Remove accents from a dataframe column in R

Question

I got a data.table base. I got a term column in this data.table

class(base$term)
[1] character
length(base$term)
[1] 27486

I'm able to remove accents from a string. I'm able to remove accents from a vector of string.

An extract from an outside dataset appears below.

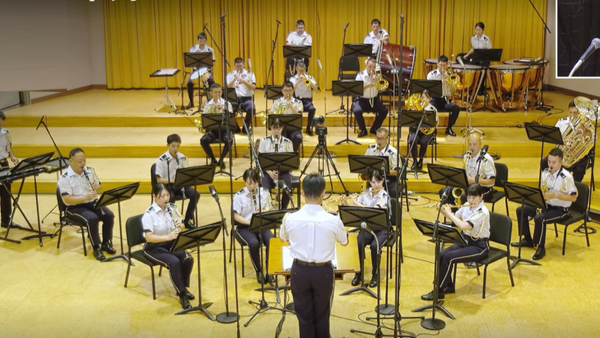 カーリッジ・マーチ演奏画像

iconv("Millésime",to="ASCII//TRANSLIT")
[1] "Millesime"
iconv(c("Millésime","boulangère"),to="ASCII//TRANSLIT")
[1] "Millesime" "boulangere"

But for some reason, it does not work when I apply the very same function on my term column

base$terme[2]
[1] "Millésime"
iconv(base$terme[2],to="ASCII//TRANSLIT")
[1] "MillACsime"

Does anybody know what is going on here?

Is it because `base$terme` is a factor? Try converting to `character` first or convert the levels maybe? — NJBurgo, Aug 25 '16 at 15:07
@NJBurgo According to the first output (assuming a typo), it’s of type `character`. — Konrad Rudolph, Aug 25 '16 at 15:08
Careful: I get a completely different result for your vectors: ``[1] "Mill'esime" "boulang`ere"`` The `iconv` documentation specifies that `TRANSLIT` gives different results on different systems (which is of course a bit useless). — Konrad Rudolph, Aug 25 '16 at 15:08
Try `iconv(base$terme[2],from="latin1",to="ASCII//TRANSLIT")`. If it doesn't work, please give the output of `Encoding(base$terme[2])`. — nicola, Aug 25 '16 at 15:15

Jeldrik · Answer 1 · 2019-06-23T15:16:30.833

37

It might be easier to use the stringi package. This way, you don't need to check the encoding beforehand. Furthermore stringi is consistent across operating systems and inconv is not.

library(stringi)

base <- data.table(terme = c("Millésime", 
                             "boulangère", 
                             "üéâäàåçêëèïîì"))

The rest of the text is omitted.